NEW YORK (Reuters Life!) - An iconic 19th-Century painting depicting an Ottoman Empire reserve soldier and his hunting dogs sold for $1.65 million on Wednesday at Christie's Old Master and 19th-Century paintings auction.
/ Source: Reuters

NEW YORK (Reuters Life!) - An iconic 19th-Century painting depicting an Ottoman Empire reserve soldier and his hunting dogs sold for $1.65 million on Wednesday at Christie's Old Master and 19th-Century paintings auction.

"Master of the Hounds," by Jean Leon Gerome, had generated significant buzz during exhibitions due to the reviving popularity of Orientalist art, Christie's said. It had been estimated to sell for between $700,000 and $1 million.

Several bidders competed for the diminutive work, which measures only 13 inches by 9-3/4 inches, effectively doubling the expected price.

The sale's top lot, as expected, was "View of the Molo, Venice, looking West", by 18th Century painter Luca Carlevarijs which sold for just over $4 million, in the middle of the estimate range and a new record for the artist.

The first session of the two-part sale took in just over $28 million, short of the $39.8 million pre-sale estimate.
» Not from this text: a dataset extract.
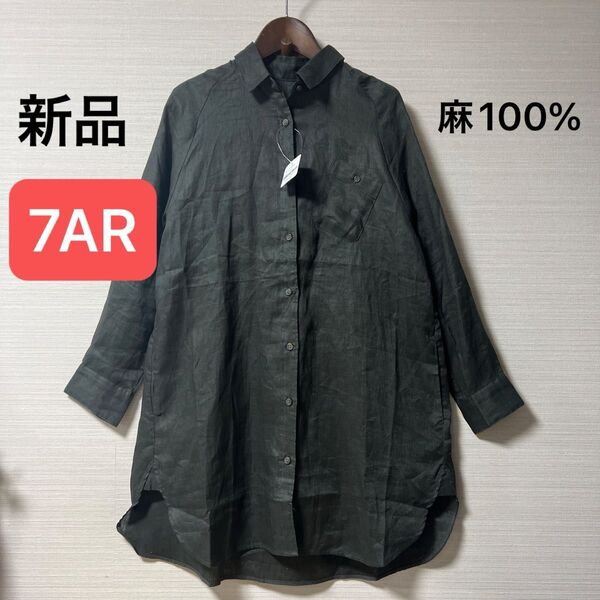 新品 麻チュニック チャコールカーキ 7AR (SーM)麻100%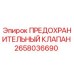 2658036690 ПРЕДОХРАНИТЕЛЬНЫЙ КЛАПАН Epiroc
Nearly two-thirds of the 74 lots on offer were sold.

While the art market came back strong last year as the financial industry continued to recover following the 2008 crisis and global recession, the Old Master category did not improve from 2009.

According to Art Research Technologies, which uses quantitative methodologies to analyze the art market, the sell-through rates inched up, but the sector's gross fell by three percent.

But bidding was steady in the salesroom, via telephones and on the Internet, where one bidder in the Britain paid the second-highest price ever for a painting on Christie's LIVE, $962,500. Another client bid even more -- $1.1 million -- for a different work, but was outbid.

Other highlights included Pompeo Girolamo Batoni's "Venus Caressing Cupid" which fetched $1.76 million, or three times the estimate.

A new record was also established for Melchior D'Hondecoeter, whose work depicting a peacock, a peahen and other birds sold for $1.65 million.

About 80 percent of the sales went to U.S. and European collectors, followed by South America and Asia, the latter an increasingly important collecting region.

The sale was the first in a week of Old Master auctions at Christie's, where along with rival Sotheby's nearly 1,000 works will be hitting the block.

On Thursday Sotheby's will offer the week's top-priced work, "A Sacra Conversazione: The Madonna and Child with Saints Luke and Catherine of Alexandria," circa 1560 and one of only a handful of multi-figured compositions by the Renaissance master Titian remaining in private hands.

It is estimated to fetch $15 million to $20 million.